I wasn't aware of a change in this area: and it doesn't seem to have been reflected in the documentation. The "Guidelines for running tests" say that compare="Text" means the results should be compared using "byte comparison", which means that you should report a fail if your results are ["] and the expected results are ["]. I agree it makes sense to get rid of the distinction between Fragment and Text, but such changes need to be properly documented and announced. I've reopened the bug to allow the documentation to be fixed. Michael Kay
The results still need to be compared using 'byte comparisson' - it's the way that the results of the query are serialized that have changed. Previously, we said that the user should use 'XML serialization' for 'Fragment' and 'XML' comparators and 'text serialization' for 'Text'. But, it turns out that the only required serialization method in XQuery is 'XML serialization', so we can't rely on implementations having any form of 'text serialization'. This should already be spelled out in the 0.8 draft where we specify the serialzation settings used to generate the results. For the scalar results (i.e. those where the verifier is 'Text'), this means that they should serialize their results as though they were a top-level XML text node. The only changes this makes to the stored results is that the special XML characters (i.e. <, >, &, " and ') are serialized in their entitized form (i.e. <, >, &, " and ' respectively). The de- entitization of these characters is a side-effect of the 'text serialzation', so should not be performed when using 'XML serialization'. In your case, if you used a fragment verifier with a scalar result whose expected value was '<' - adding XML elements around this would give you <container><</container> which is invalid XML (the '<' must be entitized), so we really need to store these characters in their entitized forms.
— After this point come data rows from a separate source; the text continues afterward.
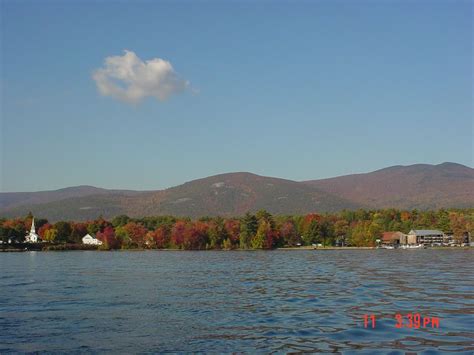 One Of My Favorite Places Melvin Village Bay Lake Winnepesaukee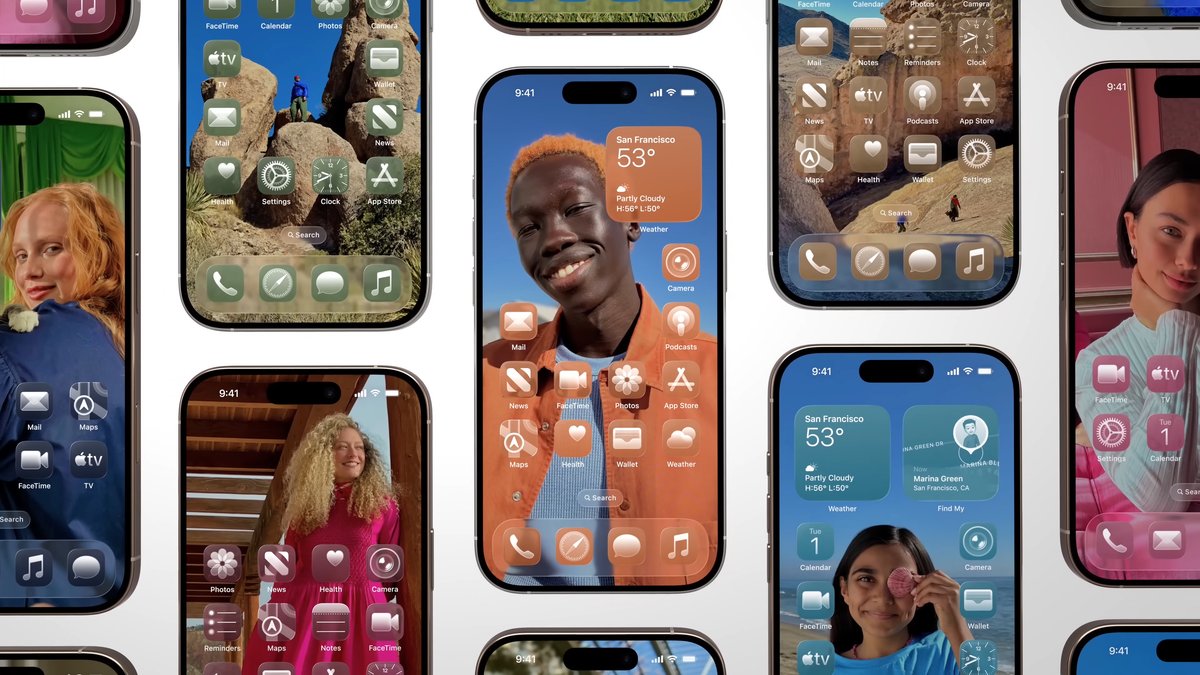 Apples Neuerungen von der WWDC 2025 Apples Neuerungen von der WWDC 2025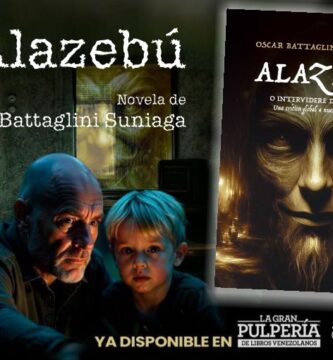 “Alazebú”, de Oscar Battaglini Suniaga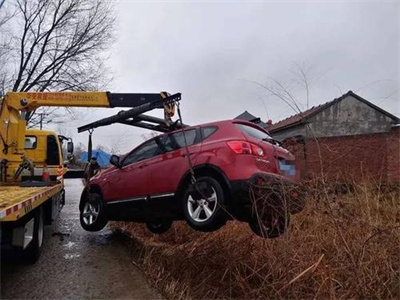 带岭区楚雄道路救援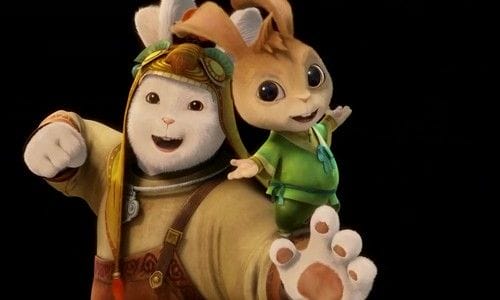 兔侠之青黎传说,兔侠之青黎传说主题曲(必备推荐) 兔侠之青黎传说,兔侠之青黎传说主题曲(必备推荐)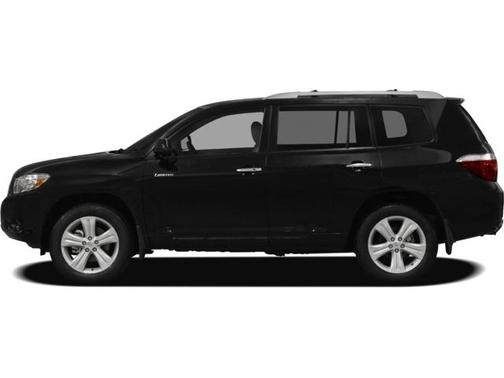 2008 Toyota Highlander Limited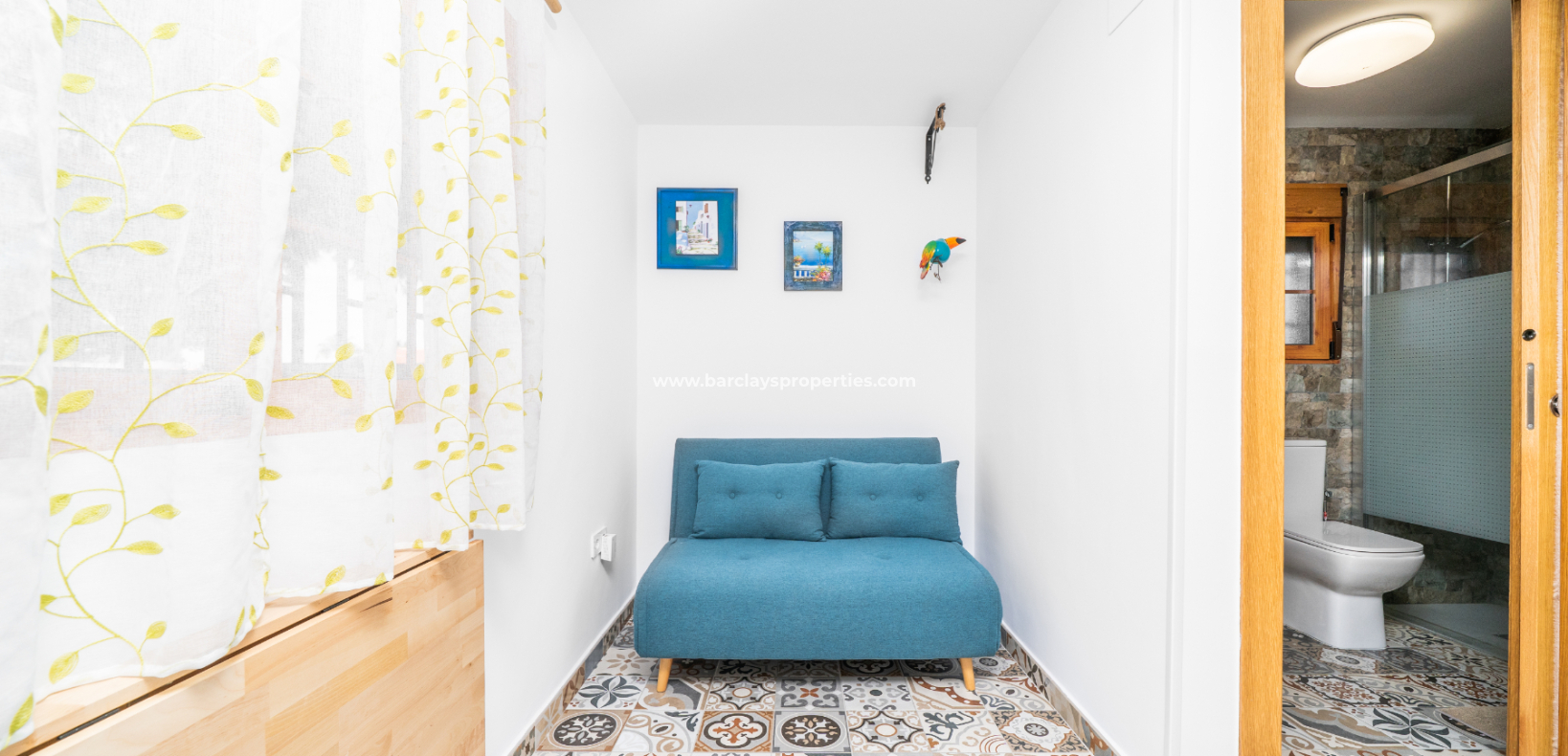 Venta - Chalet Independiente - Urb. La Marina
Given a query whose result sequence is a text node containing a single character, namely a double quotation mark, there are at least four legal outputs of the XML serialization method: " " " % I would expect most processors to use the first, but the reference results use the second and this is also legal. Since serialization using the XML output method may produce any of these forms and they are all equivalent, comparison of the serialized results byte-for-byte is clearly not an option.
I was under the impression that there was a single, well-defined method for storing these special characters in an XML test node. Apparently, this is not the case and we allow multiple different options. I have updated the test catalog with multiple results for these cases, to handle all the different serialization options.
(In reply to comment #6) > I was under the impression that there was a single, well-defined method for > storing these special characters in an XML test node. Apparently, this is not > the case and we allow multiple different options. I have updated the test > catalog with multiple results for these cases, to handle all the different > serialization options. No, sorry that is not enough. It is not just "special characters" it is _all_ characters. When the result contains a character such as "1" the Xquery engine is allowed, using the XML serialisation, to serialise it as "1" or "I" or "1" or anything else that will parse to give a character 1. So it is _never_ safe to do a byte comprison of the XML serialisation with the supplied file. You always need to parse the supplied result file as XML and then serialise it using exactly the same canonical serialisation you are using for your result, and then compare. In other words you need to follow the documentation given for the Fragment comparison, not the documentation for the Text comparison. It would be simpler just to globally replace "Text" by "Fragment" in the catalog file. David
You are correct - we need to update the test execution guidelines to state that XML canonicalization needs to be applied to values that use the 'Text' comparator too. There is still a valid distinction between 'Text' and 'Fragment' in the test suite though - 'Text' comparator results represent scalar values while 'Fragment' represents XML or sequences of XML. While the test harnesses may choose to implement 'Text' and 'Fragment' with the same semantics (i.e. add container elements and canonicalize for both), we would still like to retain this distinction between the different types of results in the catalog.